Kelvin-Helmholtz instability (KHI) occurs at the interface of any two fluid streams in a state of relative motion or stratification. The flow dynamics underlying the three-stage development of KHI in low-speed shear layers highlighted by vortex roll-up and intense mixing between two streams is well established in literature [7]. Unsteadiness caused by the KHI is an important feature of single jet impingement, which creates challenges both for computational fluid dynamics prediction and experimental measurement. It is known that local flow streamline separations for a variety of different impingement configurations can result in KHI [8]. The growth of the KHI in the shear layer of impinging jets leads to the formation of roll-up vortices with a natural frequency mainly dependent on the nozzle-to-plate distance.

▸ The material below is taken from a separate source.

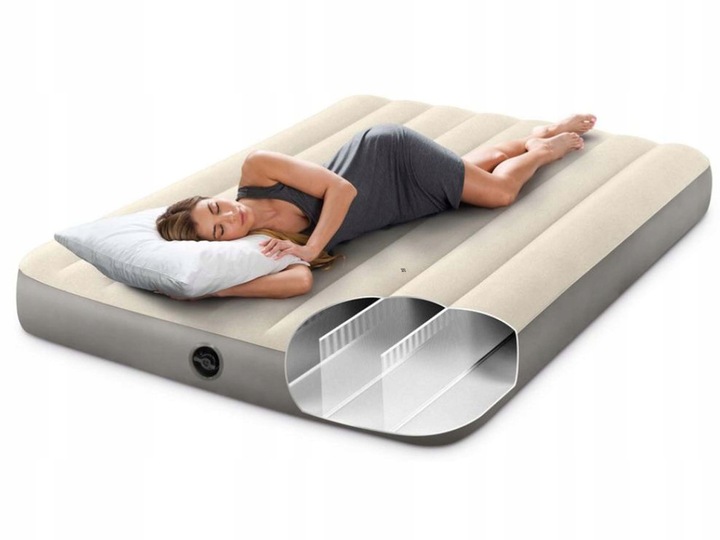 Materac Dmuchany Welurowy 2-osoobowy Turystyczny Łóżko 191x137x25cm Intex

The vortices generate pressure pulsations which affect the heat transfer in the stagnant region. The strength of these pulsations also depend on the nozzle to plate distance. In the presence of cross-flow, the shear from cross-flow around the jet affects the shear at of the jet edges. Thus, the KHI is completely different in the impinging jet in cross-flow from that which happens in the quiescent medium. Numerical approaches studying the impinging jets are widely treated in the literature with the purpose of assessing the ability of numerical simulations to capture the physical mechanism and of gaining insight on the physical phenomenon itself. The impinging jet is studied numerically, in particular using LES [2] to understand the flow features and to capture the thermal effects of impinging jets at different Reynolds numbers [9] while there is only a few detailed numerical investigations of impinging jet in cross-flow [10, 11]. Worth and Yang [12] reported some improvements of the Reynolds stress model (RSM) compared with the k − 𝜖 model for an impinging jet in a cross-flow. However the RSM fails to accurately predict the crescent shape vortex which wraps the impinging region and its location. They [12] finally concluded that RANS-based methods may only be suitable for preliminary design work.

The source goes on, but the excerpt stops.